The book is of interest to me for many reasons, if you’ve read some of my posts here on Angie’s, you will recall I was born near the Yorkshire coast, so I know and respect the power of the sea. You may remember that in some posts, I mentioned I got posted to RAF Lossiemouth when I was in the RAF. Both The Lossie and her close neighbour The Moray, are mentioned in this book about an area of Scotland I am familiar with.
According to the reports, there was a wall of water the height of a house raging down all four rivers and out to sea. This amount of water did immense damage to the fishing villages in the area, and a public fund was set up to help the families who suffered.
The problem arose because the area had been in the front of a downpour for two days before the winds pushed the clouds up the mountains, as the clouds rose the rain began to fall. With the steep cliffs to aid the water, it wasn’t long before a downpour became a raging wall of unstoppable water.
This is the greatest disaster to hit the Scottish coast, probably equaled by The Great Storm of 1987, which swept across England and the coast of France.
The weather reminded me of a funny incident when I was stationed in Germany. A group of friends and myself had gone on leave down the Rhine, not my choice as I am not a fan of camping.
We were putting up the tents when I said, “I bet as we get the last peg in, it will snow.”
As this was the middle of June, nobody took me seriously, and they laughed, but as we hit the last peg, it snowed.
One friend said, “How did you know that would happen, Al?”
I replied, “Simple geography. We are in a valley, I saw the rain clouds approaching, as they get pushed up with the winds water chills and becomes snow.”
This holiday was also the one where I came as close to death as I wish to be at any time. We were going up the hills to visit a castle. The only way up was by ski-lift, so I had to go; I would rather have stayed on the ground.
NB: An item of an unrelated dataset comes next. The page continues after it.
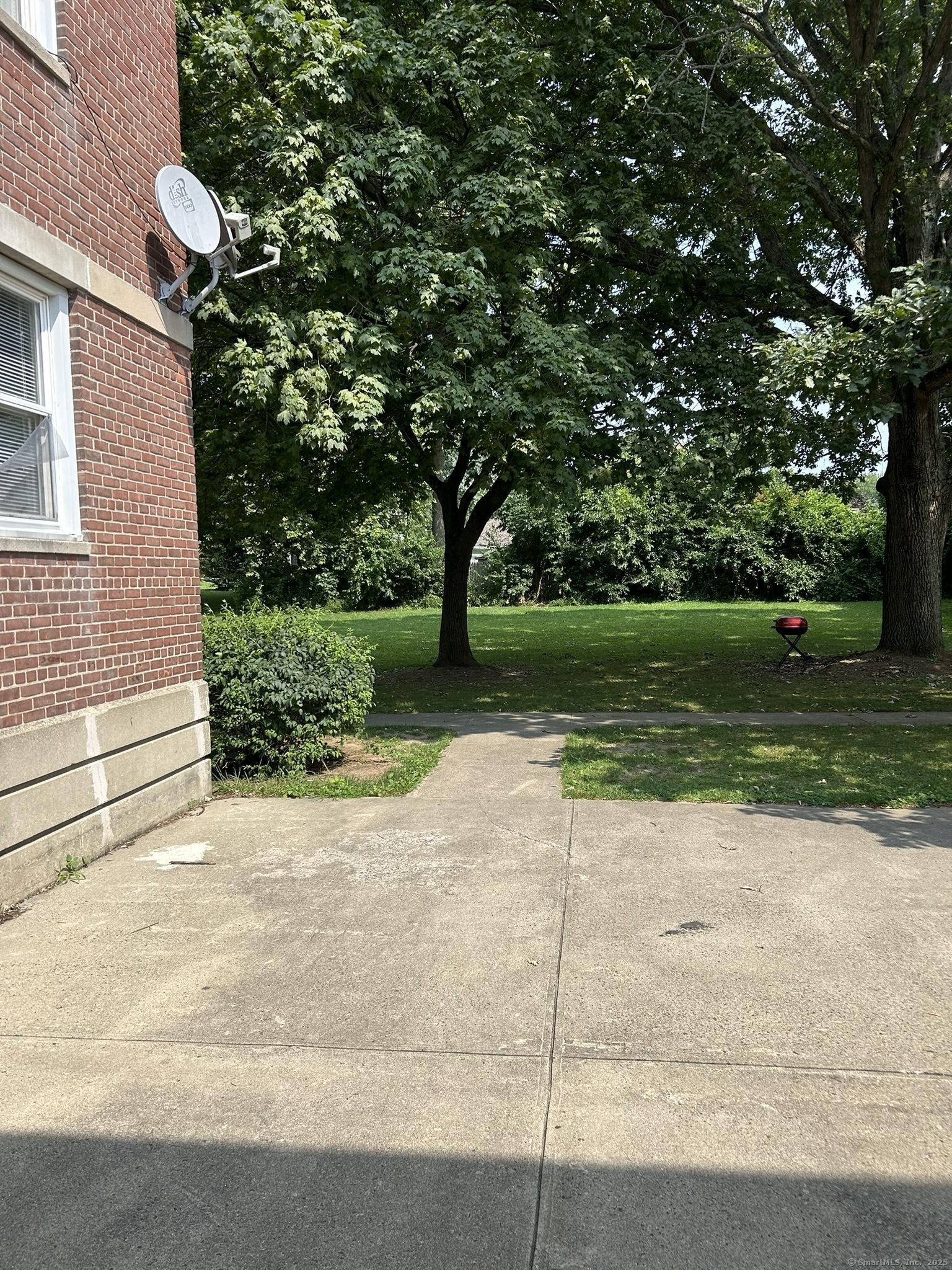 300 N Bishop Avenue #94-18, Bridgeport, Connecticut image 2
During my way up, I prayed for the top and to step off the chair and feel the ground below me again. When the chair finally reached the top, I sighed and tried to move off, knowing the chair would soon be on the downward trip.
To my horror, I found myself trapped on the front edge of a ski-lift going down a hill with my feet losing contact with the ground each foot it traveled. What had happened was a box of mints I’d bought earlier had slipped into a crack of the seat and was holding me on the chair.
If ever I had a guardian angel, it was that day.
There was a storm of similar strength in 1703 that swept off the North Sea across the French coast, into the Netherlands destroying several villages and causing thousands of deaths before it died out after going across the Baltic coast of Germany.